Il mio amico Andrew Missingham sta lavorando alla strategia digitale dell’Arts Council England – che naturalmente, essendo una venerabile macchina governativa (inventata nientemeno che da John Maynard Keynes durante gli ultimi mesi della Seconda Guerra Mondiale), non ne ha mai avuta una e si sta chiedendo esattamente che obiettivi darsi. Secondo Andrew, l’ACE potrebbe pensarsi come una persona qualunque che decide di correre per la prima volta una maratona. Non importa quanto duramente si alleni, non ha nessuna possibilità di vincere: a vincere sarà Stefano Baldini o un altro atleta professionista. Ma, con concentrazione e dedizione – pur continuando ad andare in ufficio tutte le mattine – sarà in grado di partecipare in pienezza, riportandone l’esperienza di allenarsi per una maratona e tutta l’eccitazione del giorno di gara. Se dovesse incontrare Baldini, l’ACE sarà in grado di intavolare con lui una conversazione che – nel rispetto della sua superiorità atletica – ne ricomprenda la passione, le motivazioni, e la pressione a cui un grande maratoneta è soggetto.

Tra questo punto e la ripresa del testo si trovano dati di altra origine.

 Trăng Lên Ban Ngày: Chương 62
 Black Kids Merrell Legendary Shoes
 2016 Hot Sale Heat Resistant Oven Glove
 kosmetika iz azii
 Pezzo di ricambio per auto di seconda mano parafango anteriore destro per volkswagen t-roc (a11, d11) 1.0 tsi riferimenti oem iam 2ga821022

Questo concetto di partecipazione a pieno titolo (“full participation”) mi sembra importante per capire le motivazioni di chi – senza essere MIT o Google o uno dei suoi grandi protagonisti – partecipa alla conversazione globale sull’innovazione. Io, per esempio, mi interesso di politiche pubbliche collaborative e user generated. Ho fatto diversi progetti piccoli e medi – come Kublai – alcuni più di successo, altri meno. Il mio contributo alla crescita della disciplina è modesto ma non inutile, o così mi piace pensare. Non sono uno dei grandi guru alla Shirky o alla John Holland, il cui lavoro tutti, io per primo, seguiamo appassionatamente. Ma partecipo allo sforzo collettivo per una più compiuta conoscenza: mi sono allenato duramente, mi impegno, e finirò la maratona con dignità. Come per tanti atleti, sento che questo sforzo mi completa e rende la mia vita più interessante e, in qualche modo, più morale. De Coubertin sarebbe da rivalutare.

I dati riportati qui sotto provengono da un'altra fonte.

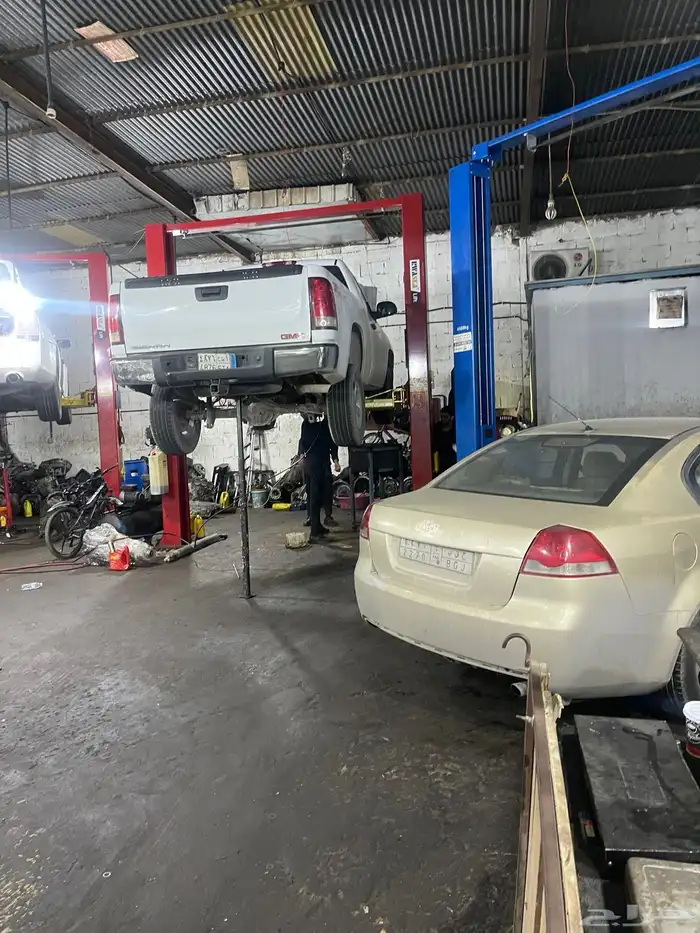 قير جير جمس تاهو دنلي سكاليد يوكن قير كابرس مستورد ومجدد 3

Finishing the marathon: a reason for taking part in the global innovation discourse


My friend Andrew Missingham is working on the digital strategy of Arts Council England – which, being a venerable governmental machine invented by none other than John Maynard Keynes as World War II drew to an end, has never had one and is wondering what goals it should set for itself exactly. Andrew’s idea is that ACE might think of itself as an individual who decides to run the London marathon for the first time. No matter how hard it trains, ACE is not going to win it. Paula Radcliffe is. “However, with focus and dedication (alongside the day job) ACE will be able to participate fully, taking in all of the sights, sounds and excitement of the day and get the most of the journey that marathon training involves. And if ACE met Paula Radcliffe, it would be able to hold a conversation that respects her pre-eminence, whilst being able to understand the issues, passions and pressures that drive her.”

This concept of full participation seems to me to capture an important part of the motivations of those who take part in the global conversation on innovation without being MIT or Google or one of its protagonists. I, for one, am interested in collaborative and user generated public policy. I have thought up and deployed several small and medium projects – like Kublai – some more successful, some less. My contribution to the discipline is modest, but not useless, or so I like to think. I am not one of the great gurus like Shirky or John Holland, whose work I follow passionately. But I take part in the collective effort for more and better knowledge: I train hard, am committed and I will finish the marathon with dignity. Like so many athletes, I feel this effort completes me and makes my life more interesting and, yes, moral. De Coubertin did have something going on after all.